**Task:** Everything in the records except the pictures must be copied out exactly.

**Given data:**

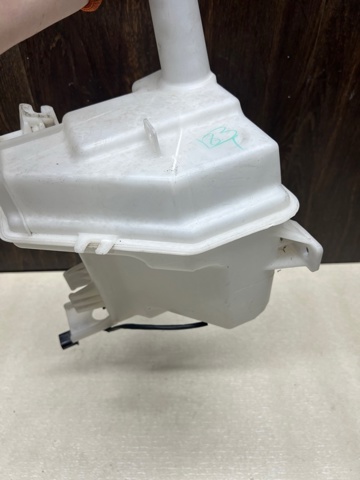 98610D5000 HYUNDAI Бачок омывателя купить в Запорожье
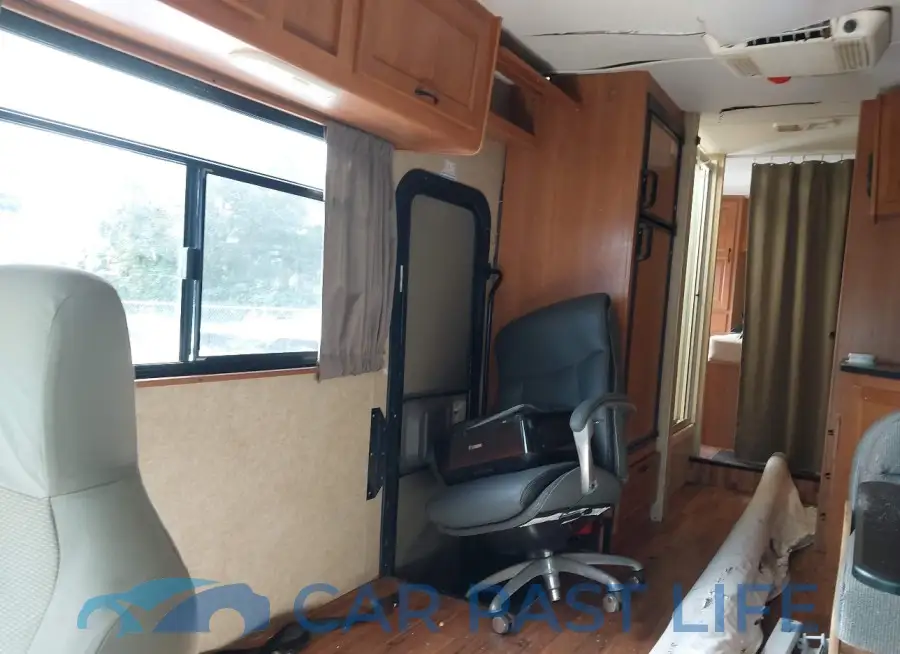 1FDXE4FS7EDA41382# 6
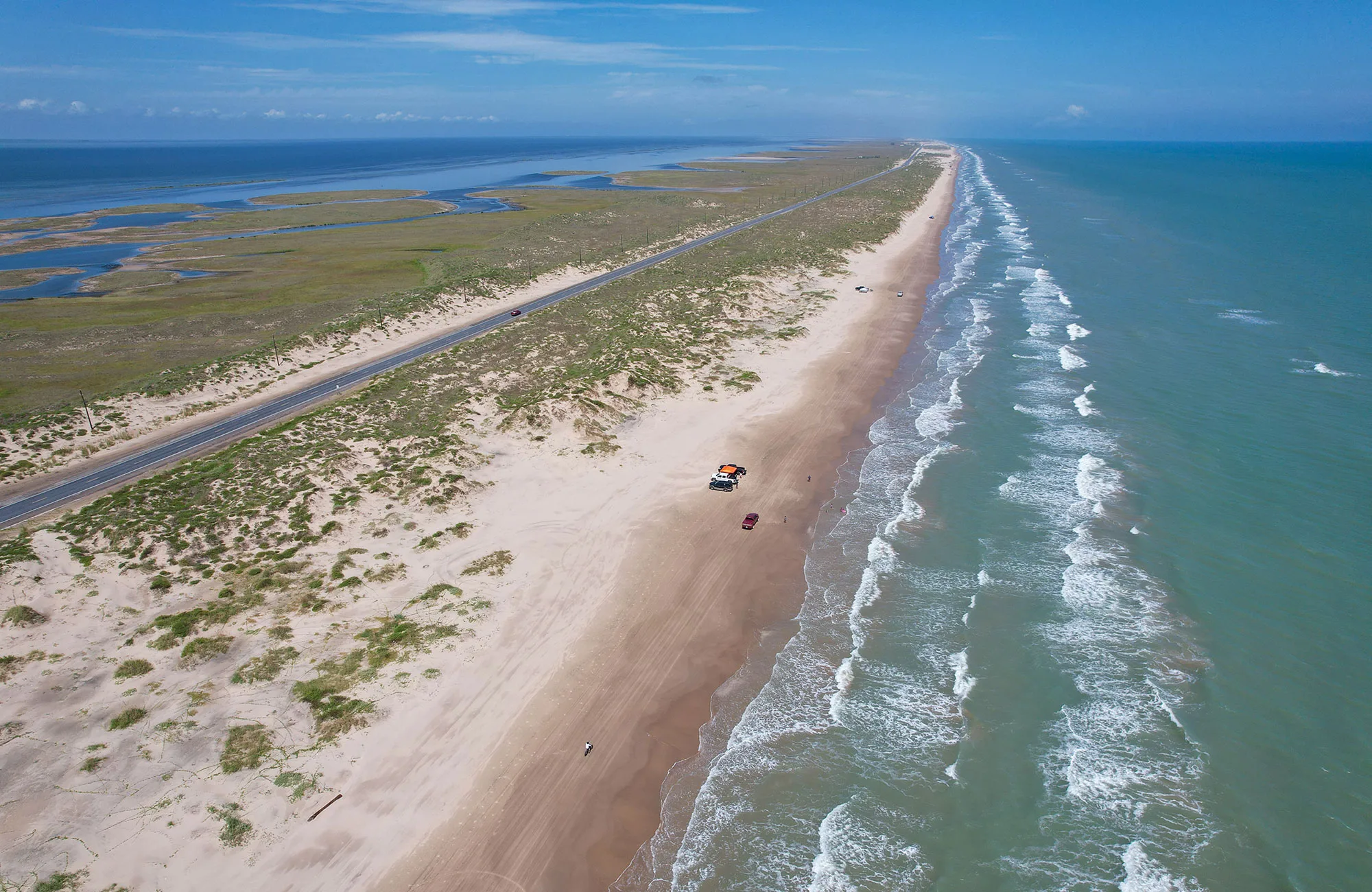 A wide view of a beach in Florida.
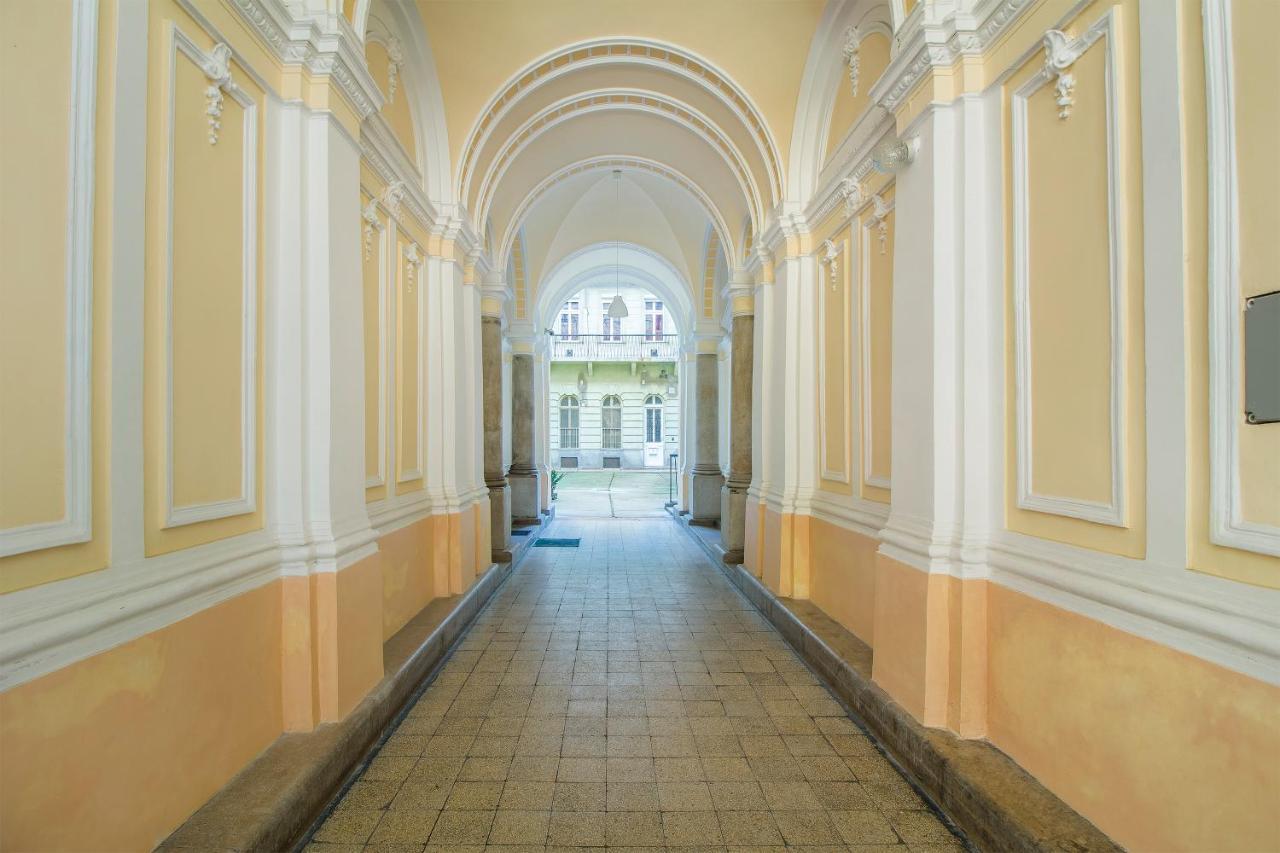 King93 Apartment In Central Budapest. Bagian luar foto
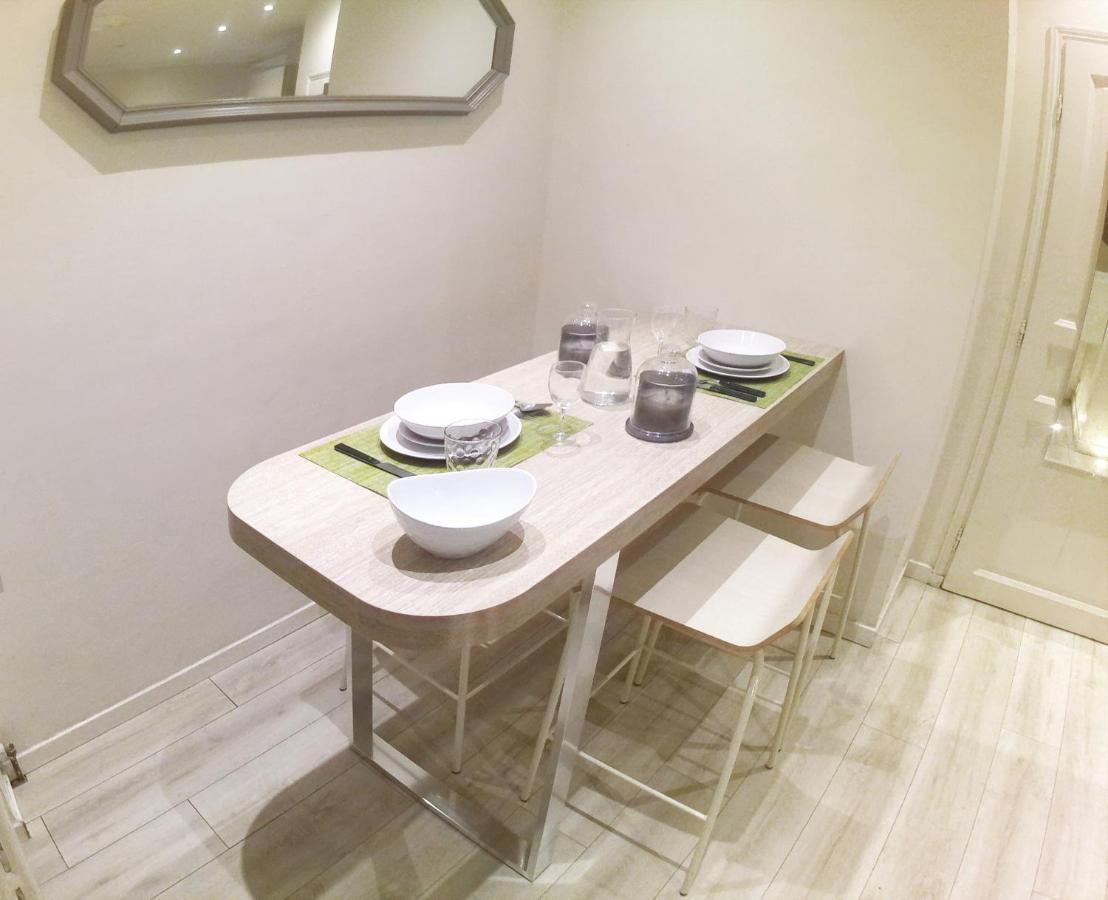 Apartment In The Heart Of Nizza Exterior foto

**Reply to the task:**
 98610D5000 HYUNDAI Бачок омывателя купить в Запорожье
 1FDXE4FS7EDA41382# 6
 A wide view of a beach in Florida.
 King93 Apartment In Central Budapest. Bagian luar foto
 Apartment In The Heart Of Nizza Exterior foto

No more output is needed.